Site type: Intertidal foreshore; no archaeological significance
Period/Dating: —
ITM: E 585597m, N 564993m
Latitude, Longitude (decimal degrees): 51.836983, -8.208996
Monitoring took place of the machine-excavation of a series of V-shaped trenches, placed across the intertidal zone, at two landfall locations. These trenches were excavated to accommodate four 220kV XLPE power cables that are to form a submarine cable running between Aghada Power Station and Cuskinny Bay.

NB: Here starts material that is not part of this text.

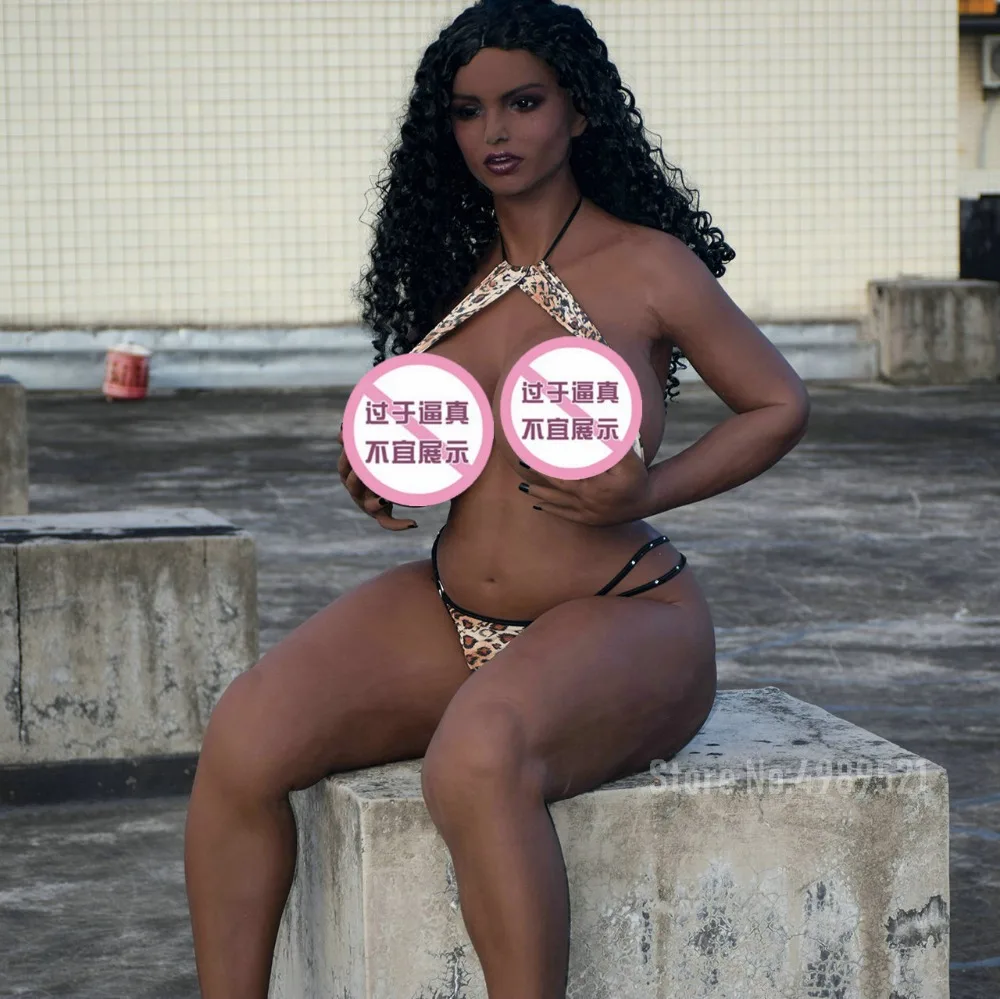 165N личико N27 гиперкосмическая красавица массивная грудь BBW fat black секс кукла Хью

Aghada landfall, a series of four, c. 60m-long, V-shaped trenches were machine excavated across the foreshore at Aghada. The intertidal zone at this location is extensively composed of shelving bedrock (shale/mudstone composition) and therefore does not provide an archaeological holding content. The excavation of the subsurface limit of the cable trench, c. 20m length of trench located between NGR 184123 650234 and NGR 184124 650377, was monitored. The excavated material comprised a sterile blue/grey silty clay (c. 60%/40% mix), with occasional angular gravel inclusions, that overlies the bedrock at this location. No archaeologically significant material was encountered as part of the excavation of the four cable trenches at the Aghada landfall site.

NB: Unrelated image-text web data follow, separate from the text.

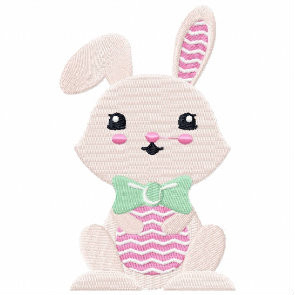 Easter Bunnies Collection #02 Machine Embroidery Design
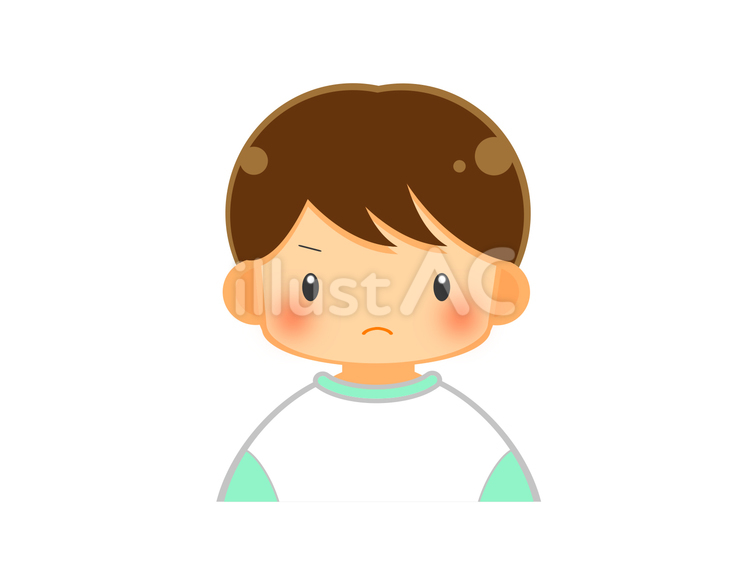 男の子（怒った顔）イラスト - No: 24618726｜無料イラスト・フリー素材なら「イラストAC」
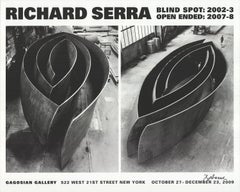 Richard Serra 'Blind Spot, Open Ended' 2009- Serigrafia- Firmato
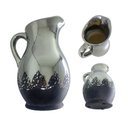 Ver imagem 1 de Jarra Decorativa Colonial Vintage Prateada Enegrecida Grande Espressione Jarra Decorativo Prata, Jar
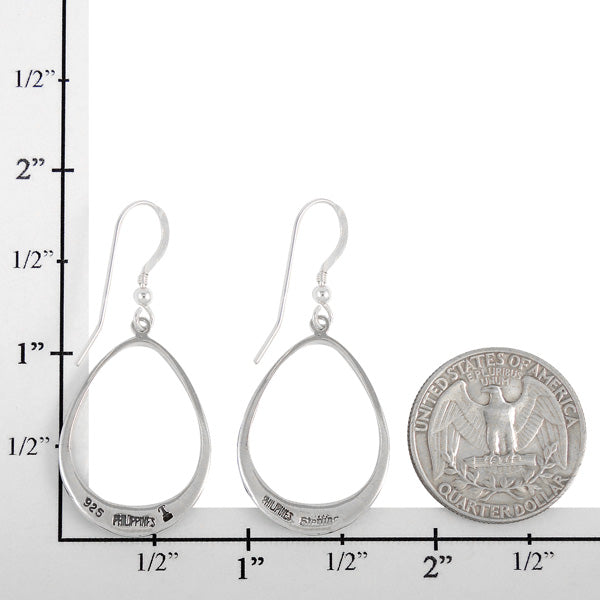 Sterling Silver Earrings Matrix Turquoise E1291-C84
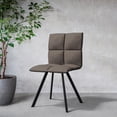 thumbnail image 2 of HomeStock Old World Opulence Modern Leather Dining Chair With Metal Legs Set Of 4, 2 of 10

Cuskinny landfall, a series of four, c. 80m-long, V-shaped trenches were machine excavated across the foreshore at Cuskinny Bay, between NGR: 181014 673364 and NGR: 181774 672914. The foreshore at this location is composed of a shingle deposit (1m+ depth) overlying a blue/grey silty clay, c. 60%/40% mix. The shingle beach comprises angular to sub-rounded rocks and pebbles of limestone and shale composition. Modern material was occasionally encountered within this deposit; this material included red-brick fragments, miscellaneous fragments of cut timber, an iron pipe flange, and various car parts including an exhaust section. The shingle deposit measures 1.2m along the high-water mark, decreasing to c. 0.45m in depth at the Low Water mark. Where the shingle was less than 1m in depth, the underlying silty clay was impacted by the trench excavation. This deposit was sterile of any manmade debris.
No material, deposits, or structures of archaeological significance were encountered as part of the monitoring process at either landfall location.